I'm having steak tonight. No syrup though, just A1 sauce.
Now steak I rarely put anything on, including steak sauce. I brought home some excellent t-bones once and the woman drowned it with ketchup, I damn near shit myself (and certainly farted).
 
Fuck Mayo.

There is only Miracle Whip.

I prefer mustard on my hot dogs, hamburgers and what not. Mayo is good only to sick fucks using it to lube up the cock before ramming it into some steamy brownhole.. (Anal Thread Resurrection anyone??) :D

And I don't like my bacon to touch the syrup....

But you haven't had a breakfast until you've had a Texas breakfast. Scrambled eggs, bacon, country potatoes, refried beans and maybe a few tortillas. Even a few pancakes on a plate on the side. Aaww shit!
 
It always comes back to butt sex with you doesn't it... :D

Miracle Whip is the bastard stepchild of the Mighty Mayo Kingdom, it's the Cheeze Whiz of Mayo! I still like it on RARE occasions though.
 
Papa Josh said:
But you haven't had a breakfast until you've had a Texas breakfast. Scrambled eggs, bacon, country potatoes, refried beans and maybe a few tortillas. Even a few pancakes on a plate on the side. Aaww shit!
Word, my brother. Although, I prefer not to have refried beans.

My favorite is going to Cracker Barrel (kinda a mom and pop country style restaurant) and getting "Grandpa's Famous Breakfast": Chicken Fried Steak, bacon, grits, eggs, fried cinnamon apples or hashbrowns, and delicious biscuits & gravy. Breakfast of champions.
 
I just came back from Kentucky Fried Animal #5, where I picked up two grilled snackers to fuel me for some calisthenics. Good Christ, even their grilled offerings taste fried!

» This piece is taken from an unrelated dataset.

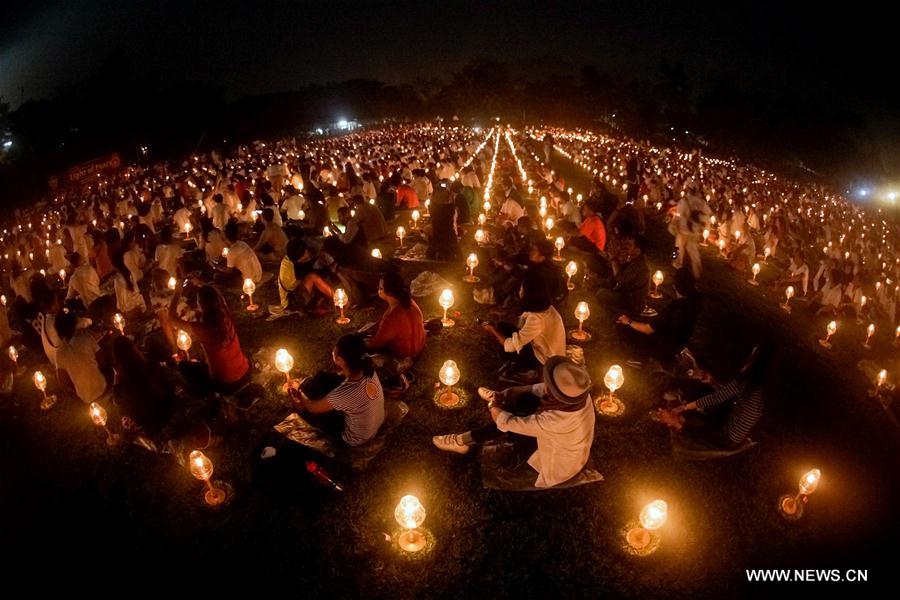 Célébration de la Journée du Vesak en Indonésie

mayonnaise is the worst condiment out of the three main ones. It smells bad even when it's still edible, and it looks like...well...you know.

I can not stand this shit. It's a by-product of eggs, a food which I only find appealing in hard-boiled/scrambled format. Good Lord I'm fasting for the rest of the night. I may need a bypass of some sort to repair the damage done to my vascular system, whether it be gastric, or cardio is up to the punjabi physician assigned.